The solution to these problems lies with a simplified tax code, not an expanded IRS. While there has been some discussion of fundamental tax reform, the agency seems intent on expanding the reach of IRS enforcement. In addition to the new compact for information sharing with state tax authorities, the IRS also included in its budget a request to hire private collection agents, and there has been interest in reviving the exhausting, random line-by-line audits to determine where taxpayers fall short of compliance in their annual returns. The IRS is also seeking to expand its authority in the name of “cooperation” with tax collectors in other countries. The agency is seeking to finalize Clinton-era regulations that would require banks to report to the IRS interest that foreigners accrue on deposits in the United States—even though it is not taxable income that the IRS can collect.

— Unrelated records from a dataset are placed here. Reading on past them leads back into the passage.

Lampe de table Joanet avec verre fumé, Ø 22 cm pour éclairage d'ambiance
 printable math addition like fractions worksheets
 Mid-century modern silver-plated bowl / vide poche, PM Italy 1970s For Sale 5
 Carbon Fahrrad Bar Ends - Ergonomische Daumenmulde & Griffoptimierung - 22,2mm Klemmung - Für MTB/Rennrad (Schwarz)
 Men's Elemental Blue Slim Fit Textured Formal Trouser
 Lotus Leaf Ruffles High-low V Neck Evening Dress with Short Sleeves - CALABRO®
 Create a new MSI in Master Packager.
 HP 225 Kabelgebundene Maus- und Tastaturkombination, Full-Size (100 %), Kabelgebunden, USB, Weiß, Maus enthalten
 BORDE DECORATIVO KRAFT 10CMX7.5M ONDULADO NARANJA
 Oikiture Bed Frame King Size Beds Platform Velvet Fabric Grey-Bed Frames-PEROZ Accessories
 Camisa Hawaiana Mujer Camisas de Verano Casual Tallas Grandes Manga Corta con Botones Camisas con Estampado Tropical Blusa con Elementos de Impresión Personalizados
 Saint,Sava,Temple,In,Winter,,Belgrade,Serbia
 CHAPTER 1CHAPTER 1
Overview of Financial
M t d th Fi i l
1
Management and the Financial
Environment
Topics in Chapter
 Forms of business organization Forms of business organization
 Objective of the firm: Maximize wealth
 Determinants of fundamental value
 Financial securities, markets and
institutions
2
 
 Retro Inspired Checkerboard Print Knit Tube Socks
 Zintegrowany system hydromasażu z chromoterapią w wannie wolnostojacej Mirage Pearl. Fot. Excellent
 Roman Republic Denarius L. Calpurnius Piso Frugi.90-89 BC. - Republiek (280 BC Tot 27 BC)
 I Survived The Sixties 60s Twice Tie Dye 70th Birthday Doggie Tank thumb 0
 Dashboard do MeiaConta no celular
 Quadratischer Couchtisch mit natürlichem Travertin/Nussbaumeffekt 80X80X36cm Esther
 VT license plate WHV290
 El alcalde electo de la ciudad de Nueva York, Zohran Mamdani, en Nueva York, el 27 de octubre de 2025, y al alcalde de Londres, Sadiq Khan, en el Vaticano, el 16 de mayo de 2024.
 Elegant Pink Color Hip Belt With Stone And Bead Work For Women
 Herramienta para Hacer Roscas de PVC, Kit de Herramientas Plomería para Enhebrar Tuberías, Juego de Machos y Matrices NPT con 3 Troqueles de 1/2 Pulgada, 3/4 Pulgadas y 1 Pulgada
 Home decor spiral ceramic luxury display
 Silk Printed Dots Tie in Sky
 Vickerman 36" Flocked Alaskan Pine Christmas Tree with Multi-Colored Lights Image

The alternative to an IRS that must keep expanding to enforce and increasingly complex tax code is fundamental tax reform. A simple, fair, and flat tax code would ease the burden of compliance tremendously, and with it, the need for a larger IRS. The Treasury Department has acknowledged the need for a simplified tax code, but until reform becomes a reality, it seeks to expand and “modernize” the IRS in order to keep pace with the changes in tax law. Unfortunately this means greater scrutiny by the government of all taxpayers, and an increasing bureaucracy that may prove difficult to dismantle in the wake of fundamental tax reform. A simple and fair tax code would be a far more pleasing option for the American taxpayer.